There is at least one worker process assigned to each slice of the query plan. A worker process works on its assigned portion of the query plan independently. During query execution, each segment will have a number of processes working on the query in parallel.

### 5.2. Tuning SQL Queries

The Greenplum Database cost-based optimizer evaluates many strategies for executing a query and chooses the least costly method.

Like other RDBMS optimizers, the Greenplum optimizer takes into account factors such as the number of rows in tables to be joined, availability of indexes, and cardinality of column data when calculating the costs of alternative execution plans. The optimizer also accounts for the location of the data, preferring to perform as much of the work as possible on the segments and to minimize the amount of data that must be transmitted between segments to complete the query.

When a query runs slower than you expect, you can view the plan the optimizer selected as well as the cost it calculated for each step of the plan. This will help you determine which steps are consuming the most resources and then modify the query or the schema to provide the optimizer with more efficient alternatives. You use the SQL EXPLAIN statement to view the plan for a query.

The optimizer produces plans based on statistics generated for tables. It is important to have accurate statistics to produce the best plan. 
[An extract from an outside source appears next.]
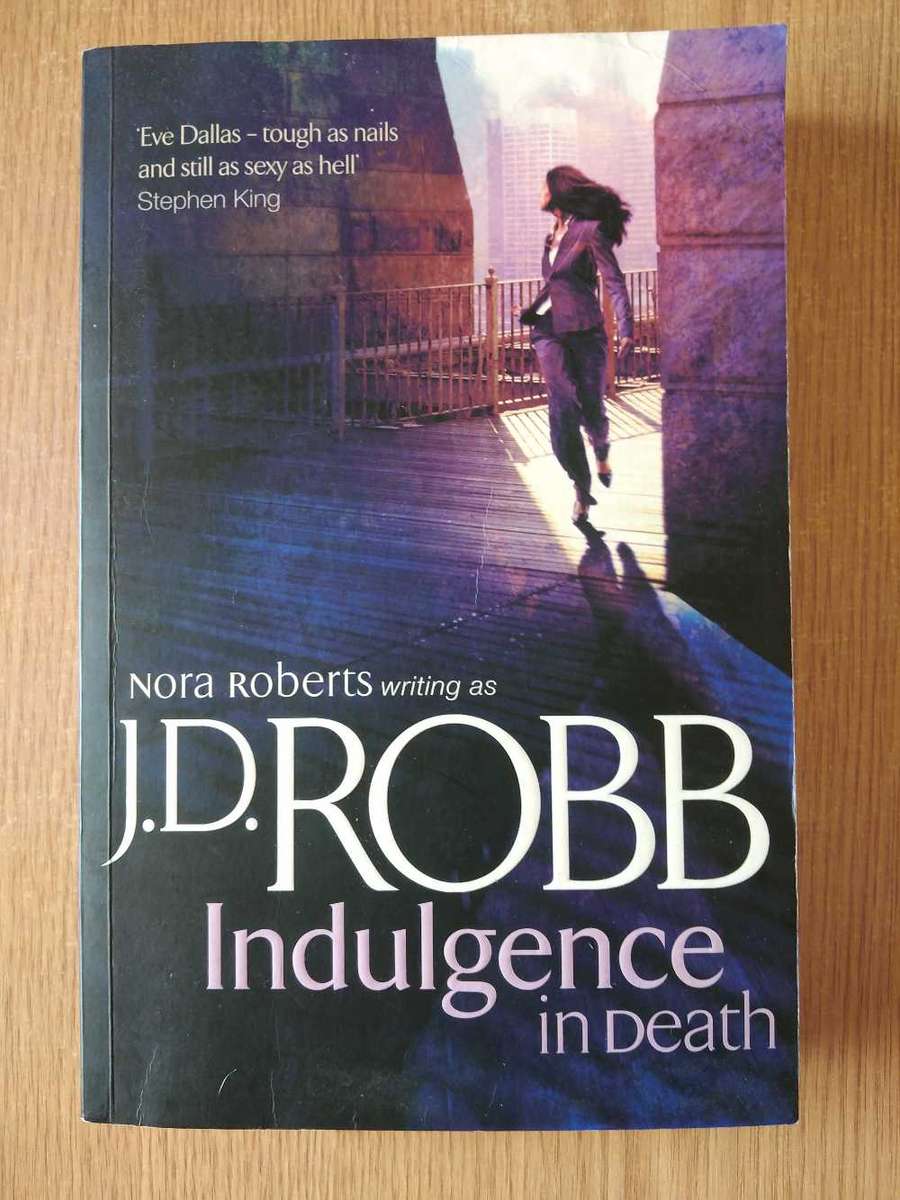 J. D. Robb Indulgence in Death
### 5.3 How to Generate Explain Plans

The `EXPLAIN` and `EXPLAIN ANALYZE` statements are useful tools to identify opportunities to improve query performance:

- `EXPLAIN` displays the query plan and estimated costs for a query, but does not execute the query. `EXPLAIN ANALYZE` executes the query in addition to displaying the query plan. 
- `EXPLAIN ANALYZE` discards any output from the `SELECT` statement; however, other operations in the statement are performed (for example, INSERT, UPDATE, or DELETE). To use `EXPLAIN ANALYZE` on a DML statement without letting the command affect the data, explicitly use `EXPLAIN ANALYZE` in a transaction (`BEGIN; EXPLAIN ANALYZE ...; ROLLBACK;`).

`EXPLAIN ANALYZE` runs the statement in addition to displaying the plan with additional information as follows:

- **Total elapsed time** (in milliseconds) to run the query
- **Number of workers** (segments) involved in a plan node operation
- **Maximum number of rows** returned by the segment (and its segment ID) that produced the most rows for an operation
- The **memory** used by the operation
- **Time** (in milliseconds) it took to retrieve the first row from the segment that produced the most rows, and the total time taken to retrieve all rows from that segment.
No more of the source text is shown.